Boston Celtics Photo by Dick Raphael/NBAE via Getty Images

What one player from Celtics history would you like to pluck from that era and put them in today’s game (assume he was able to grow up with modern conditioning, analytics, coaching, etc.)?

Jack Noonan: I’ll take the easy one to start here and choose the legend, Larry Bird. I would love to see how his style could fit in this era with other players running up and down the court. Unfortunately, I was not alive to watch his games live, but the endless hours of YouTube videos has taught me how ahead of the curve he was in terms of pace. He and the others stars of that era flew around the court seemingly playing a different game than the rest of the league. Nowadays, that pace is detrimental to winning, so having Bird put in today’s game would be fascinating. Also, the health regimen would be a 180-degrees from what he went through back in the day. We all know the story of Bird injuring his back working on a driveway in 1985. That would just never happen in today’s athlete culture. Bird would have the best diet (which he may of needed as well) and workout training to have him playing at his highest level.

Tim Maclean: Reggie Lewis. I was born in ‘94 and he’s always been one of the guys I wish I saw play. Obviously, Larry Bird is up there with him, but something about Reggie has always drawn my attention. At 6-7 and 195 pounds, I think he would easily be able to guard the one through four in today’s NBA. He was a menace on defense, averaging 1.3 steals and 0.9 blocks per game for his all-too-brief career. Offensively, his 3-point shot would’ve needed some work (career 20% shooter) but his excellent numbers at the free throw line (career 82.4% shooter) suggest he probably could have successfully added it to his game.

Boston Celtics Larry Bird Photo by Wendy Maeda/The Boston Globe via Getty Images

Greg Brueck-Cassoli: I don’t know if this quite aligns with the spirit of the question, but I’d love to see a version of Kevin Garnett that developed entirely in the “modern age”. KG switching and shooting threes is a truly terrifying notion. Imagine a taller, quicker Draymond Green with tons more offensive game. Garnett would be a superstar in any era, but in today’s game even more so.

Greg Dudek: Easy answer here: It has to be Larry Bird. One of the best forwards in the history of the NBA, I would love to watch him play now. He’s my dad’s favorite player and it would be great to see Larry Legend go to work on the parquet now. It would be crazy to see his game evolve beyond the arc and add in his sensational passing in a game that can become iso-centric at times.

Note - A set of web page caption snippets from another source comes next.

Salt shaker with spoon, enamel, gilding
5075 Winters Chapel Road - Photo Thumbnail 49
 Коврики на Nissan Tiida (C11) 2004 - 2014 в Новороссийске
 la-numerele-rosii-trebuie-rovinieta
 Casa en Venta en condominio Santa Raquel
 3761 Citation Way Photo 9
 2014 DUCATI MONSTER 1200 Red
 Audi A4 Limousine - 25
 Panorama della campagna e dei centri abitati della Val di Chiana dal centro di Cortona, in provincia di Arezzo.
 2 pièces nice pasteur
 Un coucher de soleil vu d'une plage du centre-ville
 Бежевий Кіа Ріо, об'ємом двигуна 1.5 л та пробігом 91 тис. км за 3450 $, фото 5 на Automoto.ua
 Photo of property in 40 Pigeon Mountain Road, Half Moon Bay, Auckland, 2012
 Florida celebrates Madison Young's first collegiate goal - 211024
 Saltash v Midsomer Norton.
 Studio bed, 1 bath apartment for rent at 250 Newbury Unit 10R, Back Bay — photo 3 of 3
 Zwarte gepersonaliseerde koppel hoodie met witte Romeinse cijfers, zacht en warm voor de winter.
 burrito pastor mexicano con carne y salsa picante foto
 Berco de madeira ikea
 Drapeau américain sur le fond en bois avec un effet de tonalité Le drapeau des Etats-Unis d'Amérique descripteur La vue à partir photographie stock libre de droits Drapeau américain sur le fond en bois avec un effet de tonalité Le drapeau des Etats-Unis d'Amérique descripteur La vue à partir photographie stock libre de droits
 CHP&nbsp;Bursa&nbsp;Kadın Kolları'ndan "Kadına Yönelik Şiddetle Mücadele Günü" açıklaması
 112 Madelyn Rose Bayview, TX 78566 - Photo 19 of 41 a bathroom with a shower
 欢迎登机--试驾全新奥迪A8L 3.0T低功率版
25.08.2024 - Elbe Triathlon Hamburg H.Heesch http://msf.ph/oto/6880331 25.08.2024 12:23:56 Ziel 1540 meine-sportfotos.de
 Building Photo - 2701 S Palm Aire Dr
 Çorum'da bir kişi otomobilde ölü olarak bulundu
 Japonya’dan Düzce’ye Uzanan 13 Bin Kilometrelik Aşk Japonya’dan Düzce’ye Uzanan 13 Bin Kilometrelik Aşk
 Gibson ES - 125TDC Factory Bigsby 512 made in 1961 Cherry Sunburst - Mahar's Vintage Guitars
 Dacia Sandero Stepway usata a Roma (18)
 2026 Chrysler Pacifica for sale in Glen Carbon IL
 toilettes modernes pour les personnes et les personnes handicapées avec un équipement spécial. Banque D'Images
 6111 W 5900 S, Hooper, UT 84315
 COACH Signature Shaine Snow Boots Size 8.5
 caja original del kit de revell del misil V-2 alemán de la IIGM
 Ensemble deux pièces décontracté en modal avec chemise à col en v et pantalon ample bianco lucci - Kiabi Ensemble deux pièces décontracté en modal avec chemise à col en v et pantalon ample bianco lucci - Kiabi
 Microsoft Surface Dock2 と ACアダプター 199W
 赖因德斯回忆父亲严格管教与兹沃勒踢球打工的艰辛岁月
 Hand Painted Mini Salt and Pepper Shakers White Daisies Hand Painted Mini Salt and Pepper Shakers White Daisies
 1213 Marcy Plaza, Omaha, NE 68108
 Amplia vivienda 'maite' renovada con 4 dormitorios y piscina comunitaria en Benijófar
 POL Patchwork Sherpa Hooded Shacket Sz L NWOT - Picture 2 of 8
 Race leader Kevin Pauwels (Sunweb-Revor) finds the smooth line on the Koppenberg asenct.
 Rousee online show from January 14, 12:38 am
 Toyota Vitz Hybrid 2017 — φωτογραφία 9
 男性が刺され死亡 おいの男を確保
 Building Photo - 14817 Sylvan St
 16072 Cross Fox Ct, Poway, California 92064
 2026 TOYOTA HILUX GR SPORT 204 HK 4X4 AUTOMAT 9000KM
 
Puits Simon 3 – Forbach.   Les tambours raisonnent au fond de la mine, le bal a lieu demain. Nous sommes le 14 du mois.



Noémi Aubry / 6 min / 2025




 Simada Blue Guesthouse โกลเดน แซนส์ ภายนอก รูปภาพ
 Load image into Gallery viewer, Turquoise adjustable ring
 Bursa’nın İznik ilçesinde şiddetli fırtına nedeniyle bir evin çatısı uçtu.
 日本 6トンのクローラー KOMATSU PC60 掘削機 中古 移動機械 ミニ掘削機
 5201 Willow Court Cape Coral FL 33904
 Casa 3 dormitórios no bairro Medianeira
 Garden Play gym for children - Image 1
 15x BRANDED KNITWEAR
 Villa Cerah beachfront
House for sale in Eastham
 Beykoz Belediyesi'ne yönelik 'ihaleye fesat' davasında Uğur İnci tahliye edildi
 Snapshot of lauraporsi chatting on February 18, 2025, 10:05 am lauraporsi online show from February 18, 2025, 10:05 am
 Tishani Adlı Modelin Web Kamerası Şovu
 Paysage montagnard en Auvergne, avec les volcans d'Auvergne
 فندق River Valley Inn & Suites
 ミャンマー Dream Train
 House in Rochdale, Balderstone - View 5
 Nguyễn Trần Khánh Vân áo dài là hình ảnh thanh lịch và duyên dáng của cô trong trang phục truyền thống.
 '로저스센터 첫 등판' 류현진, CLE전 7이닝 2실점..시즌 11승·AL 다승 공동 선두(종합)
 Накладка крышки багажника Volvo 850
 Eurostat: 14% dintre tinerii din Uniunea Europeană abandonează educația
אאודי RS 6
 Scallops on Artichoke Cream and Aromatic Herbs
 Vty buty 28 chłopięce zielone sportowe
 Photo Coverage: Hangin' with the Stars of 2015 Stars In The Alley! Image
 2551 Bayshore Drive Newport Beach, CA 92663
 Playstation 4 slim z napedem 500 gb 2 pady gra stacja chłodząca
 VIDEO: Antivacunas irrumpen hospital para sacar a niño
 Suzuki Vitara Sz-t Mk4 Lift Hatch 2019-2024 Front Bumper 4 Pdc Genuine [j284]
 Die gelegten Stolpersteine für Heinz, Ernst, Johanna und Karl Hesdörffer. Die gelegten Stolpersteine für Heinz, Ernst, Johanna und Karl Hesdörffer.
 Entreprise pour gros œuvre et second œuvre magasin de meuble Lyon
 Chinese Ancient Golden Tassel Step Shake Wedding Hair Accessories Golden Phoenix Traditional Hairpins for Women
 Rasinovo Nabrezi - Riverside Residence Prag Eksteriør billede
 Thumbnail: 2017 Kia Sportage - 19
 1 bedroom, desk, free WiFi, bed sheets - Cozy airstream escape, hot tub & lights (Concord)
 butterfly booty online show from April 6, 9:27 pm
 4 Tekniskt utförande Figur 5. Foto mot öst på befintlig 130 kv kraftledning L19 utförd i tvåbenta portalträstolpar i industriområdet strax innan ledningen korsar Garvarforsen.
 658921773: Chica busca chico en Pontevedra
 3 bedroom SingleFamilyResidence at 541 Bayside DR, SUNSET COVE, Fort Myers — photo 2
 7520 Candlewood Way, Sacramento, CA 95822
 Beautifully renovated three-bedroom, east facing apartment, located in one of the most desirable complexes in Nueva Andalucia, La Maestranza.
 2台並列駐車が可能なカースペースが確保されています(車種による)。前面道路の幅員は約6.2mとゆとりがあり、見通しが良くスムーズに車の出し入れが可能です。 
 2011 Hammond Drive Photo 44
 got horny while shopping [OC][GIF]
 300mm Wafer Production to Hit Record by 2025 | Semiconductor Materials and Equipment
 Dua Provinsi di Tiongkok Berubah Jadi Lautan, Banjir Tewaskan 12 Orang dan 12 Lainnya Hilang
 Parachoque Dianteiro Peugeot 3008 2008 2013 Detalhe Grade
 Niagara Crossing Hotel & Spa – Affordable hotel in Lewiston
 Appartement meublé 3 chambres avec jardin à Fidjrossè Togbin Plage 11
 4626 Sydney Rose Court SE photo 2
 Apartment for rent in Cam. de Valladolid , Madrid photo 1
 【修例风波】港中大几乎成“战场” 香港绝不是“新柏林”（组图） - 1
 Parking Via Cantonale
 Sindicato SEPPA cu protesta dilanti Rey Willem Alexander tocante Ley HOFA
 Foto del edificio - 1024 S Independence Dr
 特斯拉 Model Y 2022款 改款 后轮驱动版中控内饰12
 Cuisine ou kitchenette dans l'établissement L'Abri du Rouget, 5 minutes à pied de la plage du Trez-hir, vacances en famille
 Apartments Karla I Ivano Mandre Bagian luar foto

Jeff Clark: I’m going to go with Bill Russell. He wouldn’t be the most athletic player on the court, but he proved time and time again in battles against Wilt Chamberlain that he could still win out over guys that were bigger and more athletic than him. Russell had a mind for the game and a burning competitiveness that would translate to any era. I think in the modern game he’d be a supercharged version of Al Horford. Who knows, maybe Brad Stevens would have him shooting 3 pointers!

Keith Smith: It’s firmly a tie for me between Larry Bird and Bill Russell. For Bird, with today’s training and advances in player care, he’d never have missed the time he regularly missed. And his all-around game would obviously translate to today’s game in a very nice way.For Russell, he’d be a defense/rebounding monster. And I think teams would have figured out a way to use his athleticism as a guy who could run the floor and get up around the rim. And Russell’s ability to pass would have people giving him crazy kudos on a daily basis.